* EXERCISE DETAILS
When you reach the line that contains "2024政务工作总结范文_第1页", begin copying exactly and continue through the last line below. Do not copy pictures.

Scraped caption text data:
═══
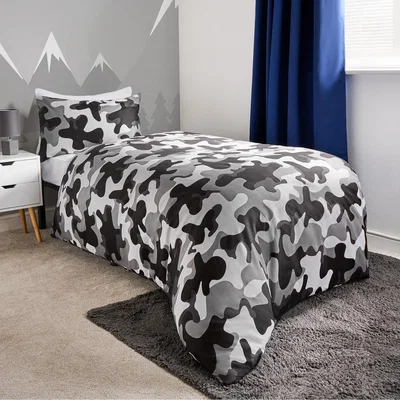 The Range Abstract Camo Reversible Duvet Set - Black/White
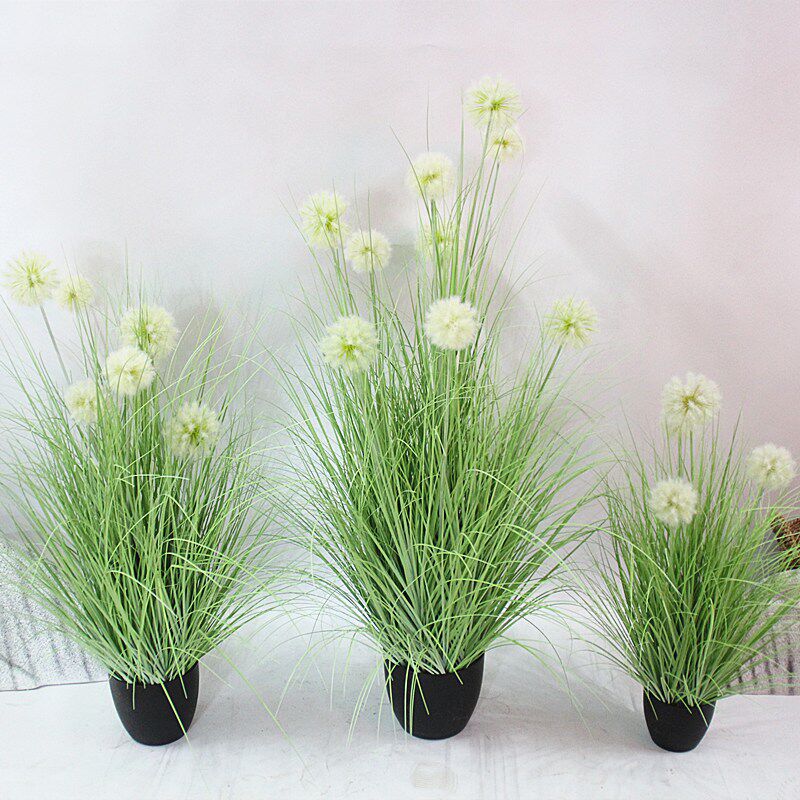 Simulation plant dandelion reed large potted onion fake grass cattail floor green plant Nordic home decoration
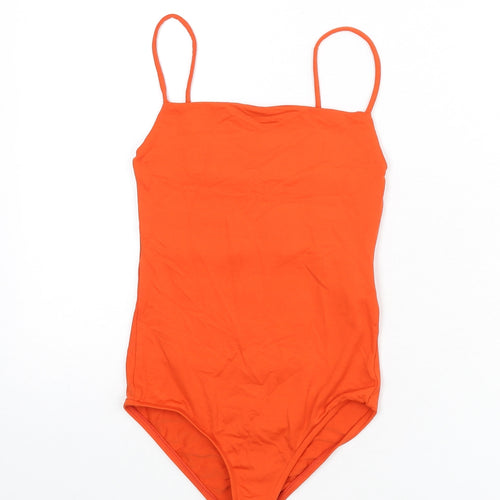 Zara Womens Orange Polyamide Bodysuit One-Piece Size S Snap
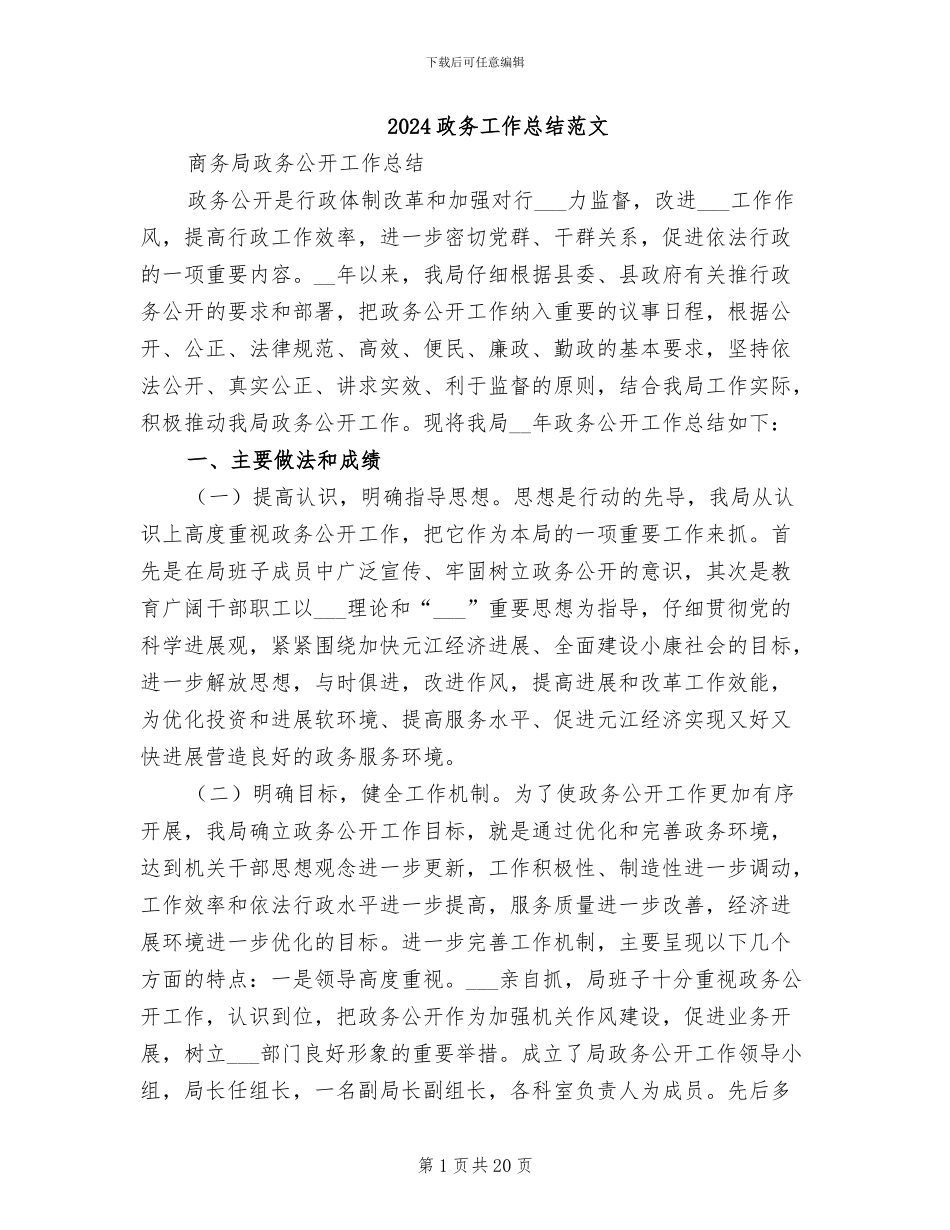 2024政务工作总结范文_第1页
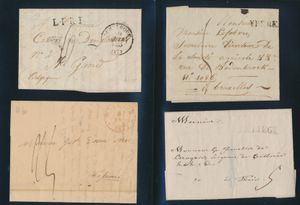 Voorlopers, 7 ex. uit Oostende, Luik, Duinkerke en Ieper, verschillende stempels en periodes, zm/m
═══
* EXERCISE SOLUTION
 2024政务工作总结范文_第1页
 Voorlopers, 7 ex. uit Oostende, Luik, Duinkerke en Ieper, verschillende stempels en periodes, zm/m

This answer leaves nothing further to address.